Tech

This company is about to develop new human organs for the first time


Lagasse says the lymph nodes near the liver are close enough to receive the pain signals sent by chemicals from the dying tissue of the diseased liver. These signals are intended to encourage any remaining healthy liver tissue to regenerate, but this is not effective in severe cases. However, the signals seem to help the growth of liver tissue in nearby lymph nodes.

“It was unbelievable,” said Gouon-Evans. “There is this little incubator in the body [that can grow organs] That’s very wonderful. “

researcher holding syringe and looking at ultrasound machine

LYGENESIS

About five years ago, Lagasse, along with entrepreneur and drug developer Michael Hufford and transplant surgeon Paulo Fontes, founded LyGenesis to take this technology further. The team is exploring using lymph nodes to grow new thymus, kidneys, and pancreases.

But the company’s priority is liver. Over the past 10 years, team members have gathered promising evidence that they can use their approach to grow new small livers in mice, pigs and dogs. Small livers don’t grow indefinitely — the body has a regulator inside to stop liver growth at a certain time, that’s why healthy livers don’t overgrow. level when they regenerate.

Teams Research on mice with a genetic disorder of the liver has shown that most cells injected into a lymph node will stay there but some will migrate to the liver, as long as there is enough healthy liver tissue remaining. These migrating cells can help the remaining liver tissue regenerate and heal. When this happens, the new small liver in the lymph node shrinks, keeping the total amount of liver tissue in balance, says Lagasse.

Other studies have focused on pig and the dogs’ blood supply to the liver was diverted, causing the organ to die. Injecting hepatocytes into the animals’ lymph nodes would eventually rescue their liver function.

In pig researchFor example, the team first surgically diverted blood supply away from the liver in six animals. As the pigs recovered from the surgery, the team injected healthy liver cells into their lymph nodes. Doses ranged from 360 million cells injected through three lymph nodes to 1.8 billion cells per 18 lymph nodes.

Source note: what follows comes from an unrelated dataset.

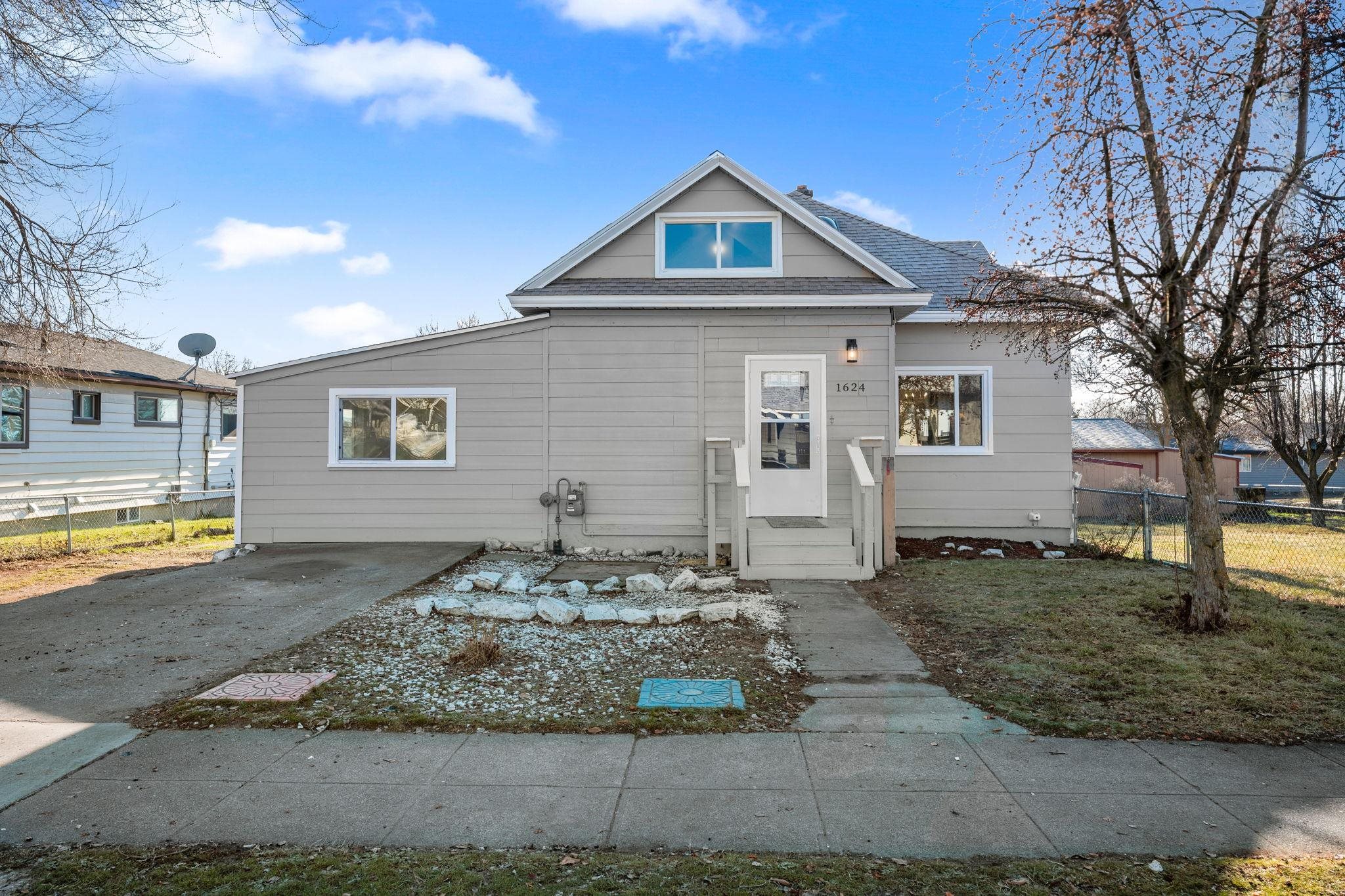 1624 E Bridgeport Ave - Photo 1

Within a few months, all animals showed signs of recovery from liver injury. Tests showed that their liver function had improved. And when the team then performed autopsies on the animals, the new organs in the lymph nodes looked a lot like miniature healthy livers, each about 2% the size of a human. a normal adult liver. Other studies show that taking about three months of treatment has significant benefits.